Source material Start Marker
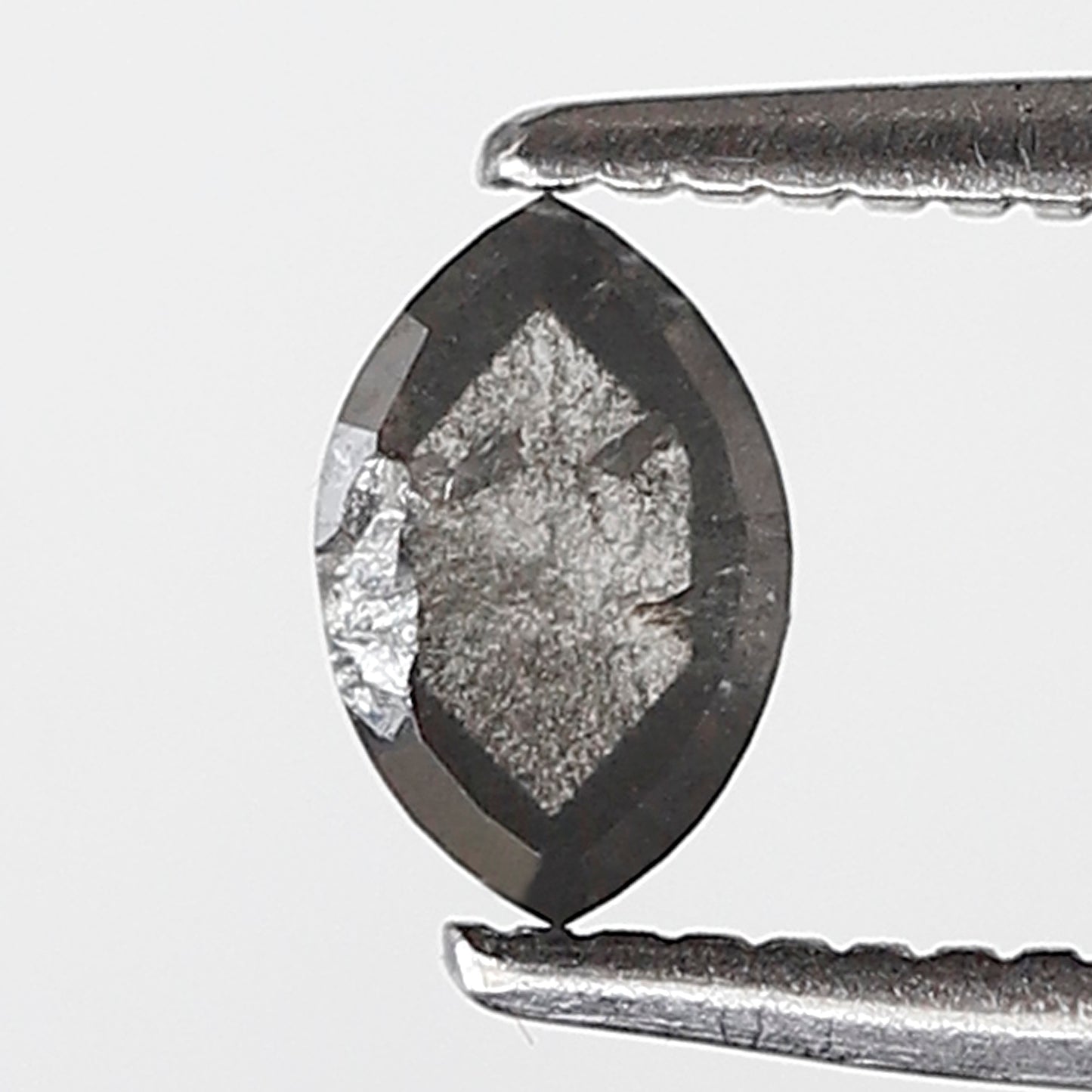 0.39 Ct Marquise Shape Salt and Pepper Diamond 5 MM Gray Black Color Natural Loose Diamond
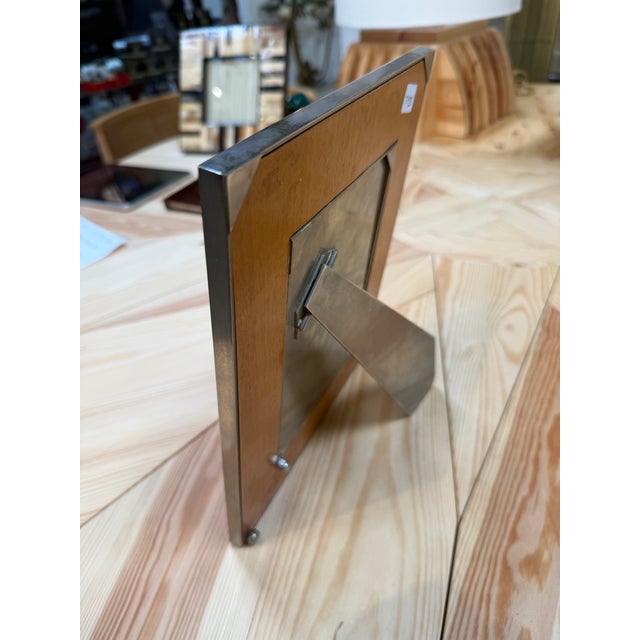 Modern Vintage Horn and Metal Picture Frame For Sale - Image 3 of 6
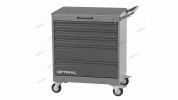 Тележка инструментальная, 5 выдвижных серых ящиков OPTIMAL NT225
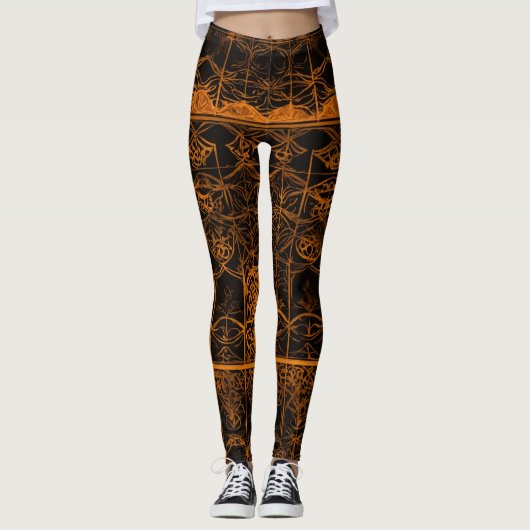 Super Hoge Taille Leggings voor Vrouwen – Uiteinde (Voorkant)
Source material End Marker
▶ Exercise brief:
With pictures excluded, the data must be transcribed in full and to the letter.

▶ Task result:
 0.39 Ct Marquise Shape Salt and Pepper Diamond 5 MM Gray Black Color Natural Loose Diamond
 Modern Vintage Horn and Metal Picture Frame For Sale - Image 3 of 6
 Тележка инструментальная, 5 выдвижных серых ящиков OPTIMAL NT225
 Super Hoge Taille Leggings voor Vrouwen – Uiteinde (Voorkant)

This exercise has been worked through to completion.